Few people expected Kanute to reach the podium, let alone finish in a time of 3:51:06 as the only American in the top 10. The field was stacked with Olympians from around the world, including 2012 Olympic silver medalist Javier Gomez Noya of Spain, the eventual champion whom Kanute calls “a legend of the sport.”
But for Kanute’s coach, Jim Vance, a text from Kanute over the summer was all he needed to know that his pupil had a serious chance to win.
“Am I surprised? No, not at all,” said Vance, who started working with Kanute last November. “He sent me a text mid-July and said, ‘Man, I can win this race.’ And I said, ‘Yeah, you can.’ ”
Kanute was drawn to triathlons from an early age. By the time he was 9, he was racing in a triathlon for kids hosted in the suburbs of Chicago in his hometown of Geneva, Ill.
He was hooked and luckily for Kanute, he wasn’t the only one in the area with a strong interest in triathlons. Kanute found a home with the Multisport Madness Triathlon Club, an elite youth program, and traveled the world for competitions.
“For whatever reason that was a hot spot of triathletes,” said Kanute, who would go on to compete for the club triathlon team at the University of Arizona. “It was essentially a travel team for triathlons.”
But even as an accomplished junior triathlete with national titles to his name, Kanute flew under the radar because of his high-profile American teammates, Lukas Vzerbicas, a sub-four-minute miler in high school, and Kevin McDowell, a Youth Olympic Games silver medalist.
“He’s always been an underdog because his teammates have always been better,” Vance said. “Nobody really took him seriously. He was motivated to work his [butt] off, sometimes to his detriment. He sometimes showed up flat at races.”
At the pro level, Kanute’s strength in swimming and cycling puts him in races, but his running isn’t as strong as other triathletes. It was because of this weakness that Kanute surprised even himself when he qualified for the 2016 Rio Olympics, where he finished 29th overall.
“I don’t think anyone would’ve expected me to run on to the team,” Kanute said. “Qualifying for me was the most satisfying and hardest part. I kind of had no pressure going into the Games in relation to other people.”
Since then, Kanute has won the Escape from Alcatraz Triathlon in June, solidifying his credentials as a short course athlete and was a member of the silver-medal-winning U.S. team at the Hamburg ITU World Triathlon Mixed Relay World Championships in July.
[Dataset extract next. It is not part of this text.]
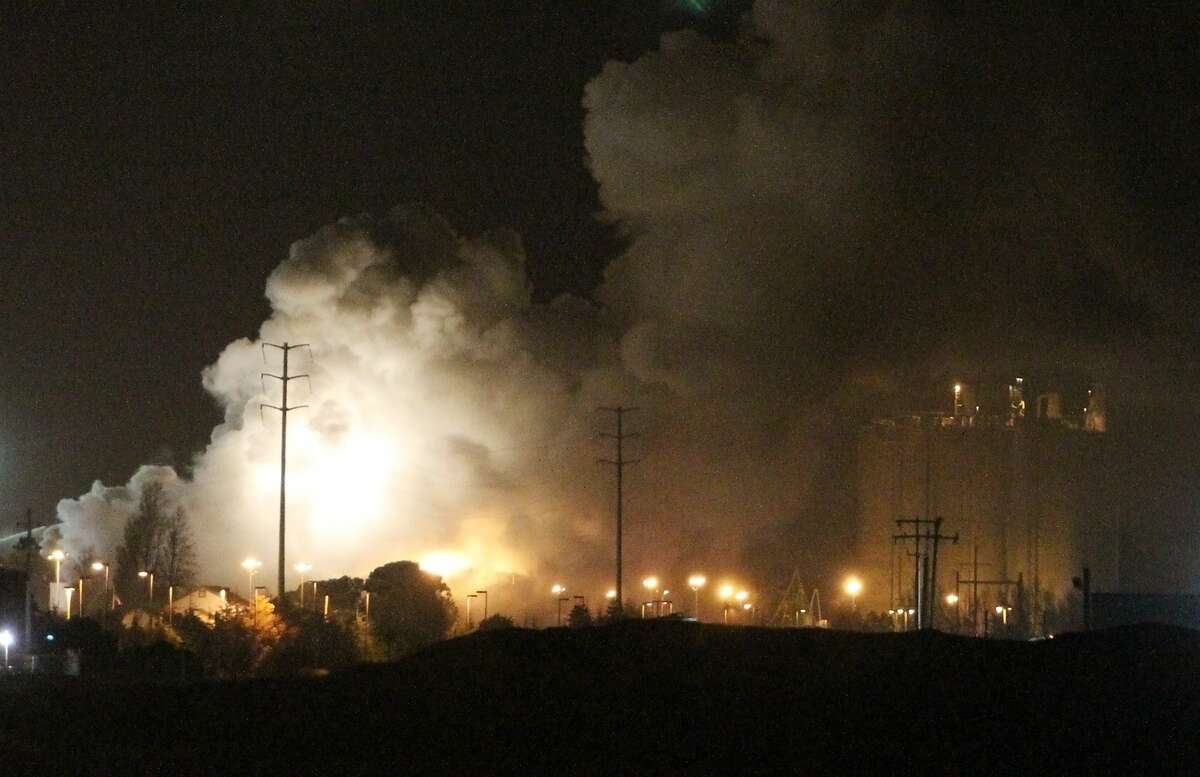 Smoke rises from a fire at a metal recycling facility (not pictured) in Redwood city, Calif. on Sunday, Nov. 10, 2013.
Vance credits the success to a more aggressive approach to races. At the IronMan 70.3 World Championships, Kanute stormed out in front and held onto the lead throughout the 1.2-mile swimming and 56-mile cycling portions of the race and only faded around the 5K mark of the 13.1 running leg.
“Usually he blew up,” Vance said, “but now he doesn’t do that. He’s so strong, that’s why he’s happy to be aggressive and assertive. … It’s always been known he’s an aggressive guy, but now maybe competitors know he’s tough to bring back.”
Kanute’s next big race will be later this week at the Super League Triathlon in Jersey, United Kingdom — a unique short course triathlon that Kanute calls a “throw back to the early days of the sport.”
Vance adds that Kanute could be one of the triathletes that will be in contention for a mixed relay medal at the 2020 Tokyo Olympics.
“I want to keep doing this sport as long as I can,” Kanute said. “I’m avoiding real life a little bit by doing this. … Second place in World Championships is great. Winning here and there is great. I want to keep improving and eventually stand on that top step.”